English 215 Project Three:
A Guide to Researching & Writing
in Your Discipline

Composing Schedule:
Drafts Due: T 11/2, Th 11/4
Polished Draft Due: T 11/9
Project
Links
The Assignment:
For the previous projects you were asked to summarize and to analyze the discipline-specific
features of a publication in the social sciences and to write an overview of
the three broad disciplines in the university: the arts and humanities, the
social sciences, and the sciences and a synthesis essay of four to seven pages
that analyzes the similarities and differences you discovered about how the
three major these disciplines in the university work with and write about the
issue of gender difference.
For this project, you will
build on the work you’ve done in the two previous projects and this time
your purpose is to explain to new undergraduates researching and writing in
your particular discipline.

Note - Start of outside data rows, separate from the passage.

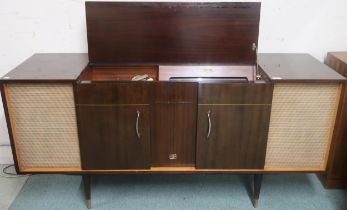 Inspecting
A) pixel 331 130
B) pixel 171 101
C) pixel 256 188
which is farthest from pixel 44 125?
pixel 331 130

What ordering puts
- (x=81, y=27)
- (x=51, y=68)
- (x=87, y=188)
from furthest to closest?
1. (x=81, y=27)
2. (x=87, y=188)
3. (x=51, y=68)

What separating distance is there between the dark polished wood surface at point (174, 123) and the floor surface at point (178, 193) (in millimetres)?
297

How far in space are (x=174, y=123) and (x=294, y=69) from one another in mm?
557

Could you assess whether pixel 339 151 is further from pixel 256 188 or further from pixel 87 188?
pixel 87 188

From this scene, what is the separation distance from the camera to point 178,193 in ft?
5.72

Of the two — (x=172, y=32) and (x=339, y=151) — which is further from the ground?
(x=172, y=32)

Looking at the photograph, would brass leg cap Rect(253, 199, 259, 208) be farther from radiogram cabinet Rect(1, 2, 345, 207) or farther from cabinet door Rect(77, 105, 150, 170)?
cabinet door Rect(77, 105, 150, 170)

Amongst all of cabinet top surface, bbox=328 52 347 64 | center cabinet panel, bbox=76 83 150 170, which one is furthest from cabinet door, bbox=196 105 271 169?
cabinet top surface, bbox=328 52 347 64

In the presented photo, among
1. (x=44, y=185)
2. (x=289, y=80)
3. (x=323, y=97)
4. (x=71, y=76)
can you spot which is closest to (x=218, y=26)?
(x=289, y=80)

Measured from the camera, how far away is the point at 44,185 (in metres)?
1.81

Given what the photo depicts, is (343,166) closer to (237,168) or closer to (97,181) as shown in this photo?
(237,168)

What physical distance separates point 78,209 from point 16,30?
0.93 metres

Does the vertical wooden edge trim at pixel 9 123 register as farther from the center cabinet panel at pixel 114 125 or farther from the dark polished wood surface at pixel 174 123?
the dark polished wood surface at pixel 174 123

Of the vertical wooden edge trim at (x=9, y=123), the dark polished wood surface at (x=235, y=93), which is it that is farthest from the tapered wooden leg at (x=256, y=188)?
the vertical wooden edge trim at (x=9, y=123) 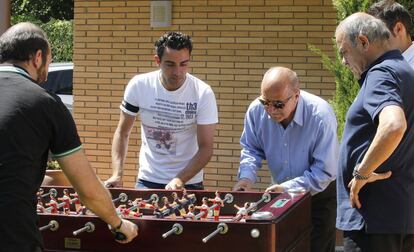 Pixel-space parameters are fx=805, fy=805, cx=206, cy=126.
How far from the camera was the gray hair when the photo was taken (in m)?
4.10

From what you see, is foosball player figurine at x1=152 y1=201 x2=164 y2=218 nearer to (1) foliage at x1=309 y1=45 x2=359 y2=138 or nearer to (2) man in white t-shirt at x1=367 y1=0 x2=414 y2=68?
(2) man in white t-shirt at x1=367 y1=0 x2=414 y2=68

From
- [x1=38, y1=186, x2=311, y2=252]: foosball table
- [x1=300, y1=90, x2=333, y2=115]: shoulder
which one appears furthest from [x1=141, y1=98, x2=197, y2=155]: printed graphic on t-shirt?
[x1=300, y1=90, x2=333, y2=115]: shoulder

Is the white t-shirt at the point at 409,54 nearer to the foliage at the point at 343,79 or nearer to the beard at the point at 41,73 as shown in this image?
the foliage at the point at 343,79

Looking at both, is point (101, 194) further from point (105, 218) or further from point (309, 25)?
point (309, 25)

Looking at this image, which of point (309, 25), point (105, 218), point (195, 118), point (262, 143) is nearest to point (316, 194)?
point (262, 143)

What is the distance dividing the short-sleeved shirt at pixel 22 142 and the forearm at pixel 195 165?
70.8 inches

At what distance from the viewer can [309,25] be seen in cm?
834

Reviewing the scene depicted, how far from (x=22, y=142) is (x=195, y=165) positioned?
195 cm

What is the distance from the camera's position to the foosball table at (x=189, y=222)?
12.6 feet

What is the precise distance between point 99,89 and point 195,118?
375 centimetres

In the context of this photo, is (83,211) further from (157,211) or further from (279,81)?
(279,81)

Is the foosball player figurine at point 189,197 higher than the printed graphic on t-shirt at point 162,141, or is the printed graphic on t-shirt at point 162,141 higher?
the printed graphic on t-shirt at point 162,141

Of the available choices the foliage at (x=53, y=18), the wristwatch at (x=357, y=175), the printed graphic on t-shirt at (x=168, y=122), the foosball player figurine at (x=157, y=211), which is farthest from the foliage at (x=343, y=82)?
the foliage at (x=53, y=18)

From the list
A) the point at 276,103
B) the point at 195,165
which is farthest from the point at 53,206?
the point at 276,103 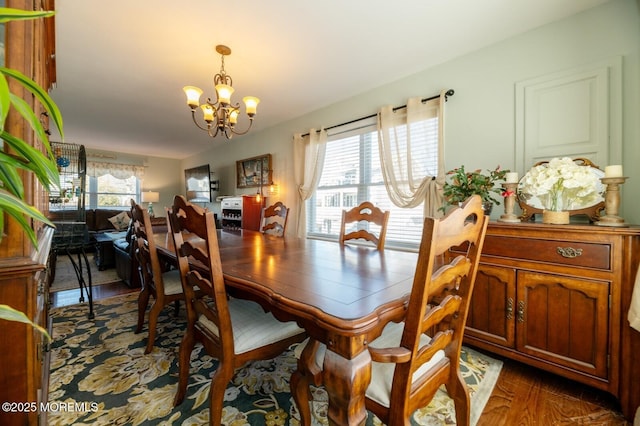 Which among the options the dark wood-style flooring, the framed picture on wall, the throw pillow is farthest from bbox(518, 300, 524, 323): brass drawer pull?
the throw pillow

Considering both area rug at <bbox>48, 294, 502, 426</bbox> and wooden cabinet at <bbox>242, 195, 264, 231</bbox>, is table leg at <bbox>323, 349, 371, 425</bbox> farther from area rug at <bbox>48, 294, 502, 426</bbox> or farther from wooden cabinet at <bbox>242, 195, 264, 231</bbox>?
wooden cabinet at <bbox>242, 195, 264, 231</bbox>

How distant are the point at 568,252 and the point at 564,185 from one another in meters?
0.39

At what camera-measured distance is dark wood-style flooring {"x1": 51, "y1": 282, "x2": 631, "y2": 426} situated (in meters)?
1.29

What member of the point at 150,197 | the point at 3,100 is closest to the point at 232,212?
the point at 150,197

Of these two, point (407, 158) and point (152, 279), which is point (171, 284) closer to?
point (152, 279)

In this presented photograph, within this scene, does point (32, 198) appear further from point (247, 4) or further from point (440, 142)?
point (440, 142)

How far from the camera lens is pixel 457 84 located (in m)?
2.38

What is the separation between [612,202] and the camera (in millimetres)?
1467

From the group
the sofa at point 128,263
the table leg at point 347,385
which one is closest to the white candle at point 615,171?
the table leg at point 347,385

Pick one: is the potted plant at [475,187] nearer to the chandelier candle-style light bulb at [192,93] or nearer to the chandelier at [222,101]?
the chandelier at [222,101]

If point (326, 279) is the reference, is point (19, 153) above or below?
above

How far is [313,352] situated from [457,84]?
254 cm

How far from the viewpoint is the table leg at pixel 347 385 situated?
2.38 feet

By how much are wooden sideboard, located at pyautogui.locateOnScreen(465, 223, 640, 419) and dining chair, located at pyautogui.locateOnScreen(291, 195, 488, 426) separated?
82cm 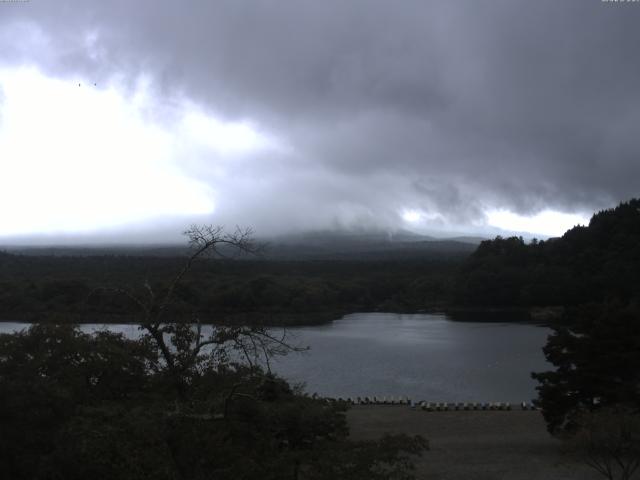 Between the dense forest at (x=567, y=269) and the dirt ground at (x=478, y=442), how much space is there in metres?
34.6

Consider this: You have been asked to contribute
to a new campus publication designed to give students a thorough introduction
to writing and researching in the various majors to help them understand how
each major is a discourse community with its own set of practices.
Therefore, you will explain
- What kinds of topics
people in your discipline research
- The most important databases
they use when they want to conduct secondary research
- How they make knowledge
in that discipline (that is, what kinds of things they research and whether
they do primary and or secondary research),
- The interpretive features
of that discipline (how they interpret their research),
- The types of journals
they publish in and the most important journals in the discipline
- The types of papers they
write and for whom
- The stylistic features
of the writing that is done in that discipline
- The appropriate style
manual for the discipline
- You might also want to
explain how writing on the undergraduate level differs from the kind of writing
professors in the discipline do.
To do this effectively,
you will explore the knowledge making strategies or methods of inquiry in your
major, the interpretive conventions, and the stylistic conventions in writing.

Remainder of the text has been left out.